Máximo conserva intacto en su
recuerdo aquella mañana en que el
primer barco procedente de la
Unión Soviética atracó en el muelle.
Según él, a algunos militantes del
Partido Socialista Popular en la zona
se les ocurrió hacerle un recibimiento a la tripulación y compartir
un rato con sus miembros. No llegaron a hacerlo, porque, al enterarse, desde el puesto de la Marina de
Guerra llamaron a la Guardia Rural y
hubo que suspender el agasajo
para una mejor oportunidad.
«Con nosotros trabajaban españoles, holandeses, jamaicanos,
ingleses, haitianos, barbadenses…
A casi todos los trajo la compañía
americana como mano de obra
barata. Vivían en cuarterías, se cocinaban sus caldos y dormían en
hamacas de saco. En los años 40
deportaron a casi la mitad. Se decía
que ya eran demasiados. No fue
solo aquí, sino en toda Cuba».
PRIMER PEDRAPLÉN CUBANO
La construcción del pedraplén
que corre paralelo a la vía férrea
alimenta aún la autoestima de
los habitantes de Cayo Juan Claro. La vía tiene 5,5 metros de ancho y 1 600 de largo. Estudios de
la Academia de Ciencias avalan
que su curso no afecta el ecosistema de la zona. Por su connotación, esta obra figura en la lista de
las siete maravillas de la ingeniería
civil tunera de todos los tiempos.
«Fue la mayor hazaña realizada
por nuestra gente —asegura Víctor
Ramos Pérez, un septuagenario
también nativo de esta diminuta
ínsula puertopadrense. Sucedió en
1960, ya con la Revolución en el
poder, y movilizó durante un buen
tiempo a casi todos los vecinos,
incluyendo mujeres y niños.
«Toda la piedra utilizada en el
pedraplén la acopió la población a
mano, encima de varias góndolas
cañeras tiradas por una locomotora
de vapor. Íbamos hasta los lugares
donde abundaba ese material y
cargábamos todo lo que podían
nuestras fuerzas. Cualquier día era
bueno para la tarea. Pero los domingos la movilización era masiva. El
premio fue nuestro pedraplén, el
pionero de su tipo en Cuba. Por primera vez pudieron llegar vehículos
automotores a la comarca».
Vitico —antiguo jefe de operaciones en el puerto— cuenta que
no fue el único momento trascendental de Cayo Juan Claro.
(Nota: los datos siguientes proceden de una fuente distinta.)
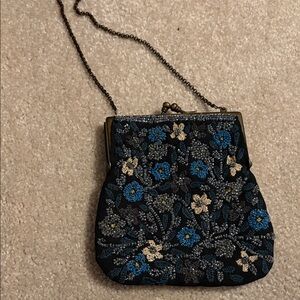 Beaded Floral Evening Clutch - Black with Blue & Cream Embroidery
El 20 de
enero de 1978, el Comandante en
Jefe Fidel Castro inauguró en el islote la terminal de azúcar a granel de
Puerto Carúpano, una de las más
eficientes del país, llamada así en
honor a una rada venezolana del
mismo nombre, donde el 4 de
mayo de 1962 se produjo una rebelión militar contra el Gobierno del
presidente Rómulo Betancourt. En
lengua indígena, carúpano significa
«tierra que tiene casa».
POR NOSOTROS MISMOS
Hoy Cayo Juan Claro transita con
paso seguro al socaire del proyecto
comunitario Por nosotros mismos,
un movimiento generador de transformaciones tanto de infraestructura como de mentalidad. Al calor de
su influjo, sus habitantes han
impulsado tareas ligadas al mejoramiento socioeconómico. Ahí están
para probarlo los más de 2 000
metros cúbicos de escombros
movidos, la rehabilitación de viviendas, las inversiones eléctricas, las
instalaciones recuperadas…
En sus predios instaló su puesto de mando un presidente de
Consejo Popular pletórico de entusiasmo: Ernesto Mulet.
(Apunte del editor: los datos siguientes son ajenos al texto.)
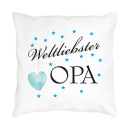 FUNNYWORDS® Weltliebste Oma, Opa Softtouch Kissen Opa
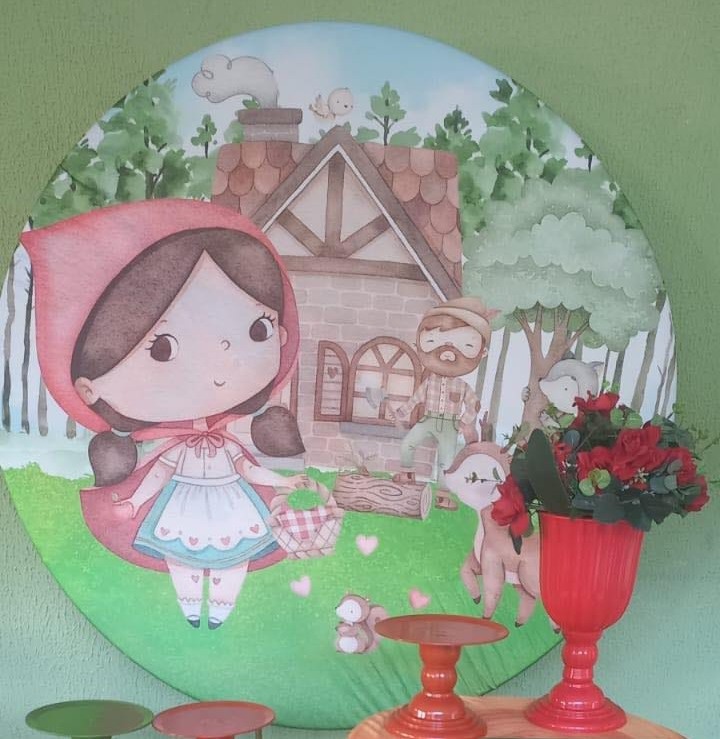 Painel Sublimado Chapeuzinho Vermelho Aquarela  - Kecafestas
«El puerto y la pesca son nuestras
principales actividades económicas.
Pero trabajamos en numerosos frentes. Aquí tenemos escuela primaria,
instalaciones deportivas, círculo sociocultural, consultorio médico, campamento de pioneros, áreas recreativas, destacamento Mirando al mar
y hasta escritores y poetas aficionados que se inspiran en su terruño. A la gente solo hay que motivarla», afirma.
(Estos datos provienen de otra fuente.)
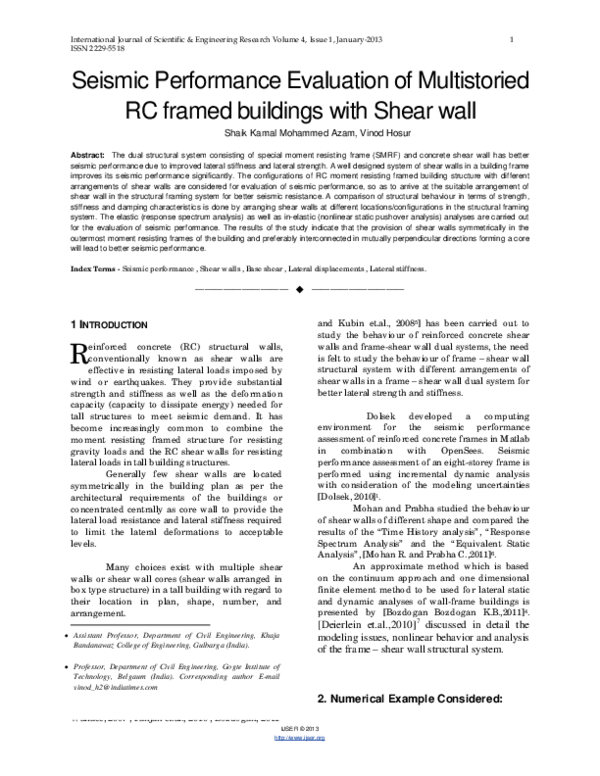 (PDF) Seismic Performance Evaluation of Multistoried RC framed ...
Sí, Cayo Juan Claro ha cambiado mucho. Ya ningún marino borracho mancilla la dignidad de su
gente. Ni el puerto es un antro de
injusticia y explotación. Ni la Guardia Rural coacciona el derecho a
recibir a un colega de oficio. Ni
nadie les lanza monedas a los
niños para verlos pelear…
Ahora les toca a los cayeros preservar lo conseguido con sus iniciativas y sus ardores. Y convertir cada
conquista en un acicate para lograr
la próxima. Y, sobre todo, convertir
el trabajo comunitario en una conducta, en un estilo de vida.